The cleanest way to hold the distinction:
- MAS (Multiple Award Schedule). The broad, commercial, always-open base vehicle. It covers products and a wide range of services through Special Item Numbers (SINs). For most contractors, it is the entry point to federal selling and the foundation the others build on.
- OASIS+ (One Acquisition Solution for Integrated Services Plus). A services-centric Best-in-Class vehicle organized into domains, designed for professional, technical, and management services, including complex and integrated requirements. Its Phase II expansion opened additional domains, widening who can play.
- Alliant 3. The governmentwide IT GWAC for large, comprehensive technology solutions. It is the vehicle agencies reach for when they are buying significant IT capability governmentwide.
The mistake is treating these as competitors for the same dollar. They are more like different doors into different rooms of federal spending. A services firm and an IT integrator and a product reseller will rank them very differently, which is exactly why a generic “best vehicle” answer is useless and a fit-based answer is essential.
How Do MAS, OASIS+, and Alliant 3 Compare?
They compare across what they cover, how hard they are to win, the size and type of work they channel, and how agencies prefer to buy through them. MAS is the most accessible and broadest, OASIS+ is the services growth engine, and Alliant 3 is the high-ceiling IT vehicle with the most demanding qualification.
| Factor | GSA MAS | OASIS+ | Alliant 3 |
|---|---|---|---|
| What it covers | Broad: products and many service categories | Services across multiple domains | Comprehensive IT solutions |
| Vehicle type | Schedule (commercial) | Best-in-Class GWAC for services | Best-in-Class IT GWAC |
| Accessibility | Most accessible, continuously open | Periodic on-ramps; domain and qualification driven | Most demanding; strong IT past performance needed |
| Typical work size | Small to large orders | Mid to large services engagements | Large, complex IT programs |
| Best fit for | Almost any firm entering or scaling federal sales | Services firms ready to compete for larger task orders | Established IT integrators pursuing major programs |
Note what the table does not do: declare a winner. The “best fit” row is the whole point. A management consulting firm reads down the OASIS+ column. An IT integrator reads Alliant 3. A products company or a newer services firm reads MAS. The comparison only becomes a decision when you overlay your own profile, which is the next section.
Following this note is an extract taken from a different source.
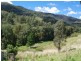 962 Dungowan Dam Road, Ogunbil NSW 2340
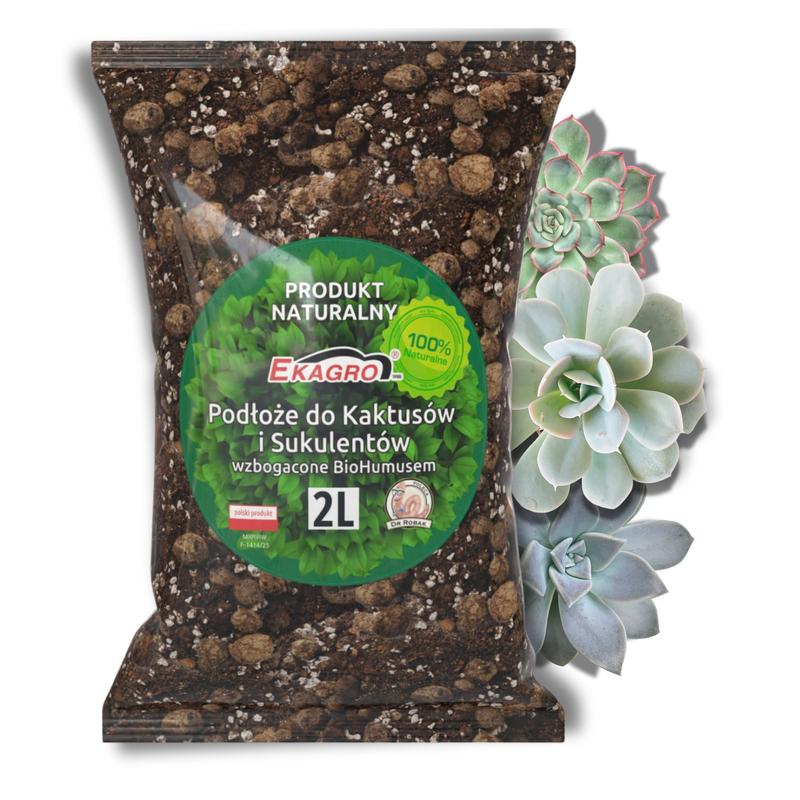 Odkryj różnorodność sukulentów: jakie są ich rodzaje i czym się różnią?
Which Vehicle Should You Pursue First?
You should pursue the vehicle first that matches what you sell, what you can qualify for today, and where your target agencies are buying. For most firms that is MAS, because it is the accessible base that builds the federal past performance the GWACs later require. Services and IT firms with strong existing federal records may justify pursuing OASIS+ or Alliant 3 sooner.
A practical decision sequence:
- Start with what you sell. Products or broad services point to MAS. Professional and technical services point to MAS first, then OASIS+. Comprehensive IT points toward MAS and Alliant 3.
- Check what you can qualify for now. GWACs like OASIS+ and Alliant 3 weigh past performance and corporate experience more heavily and open on their own schedules. If you cannot field a competitive offer today, the answer is to build qualifying experience, often through MAS, while you wait for an on-ramp.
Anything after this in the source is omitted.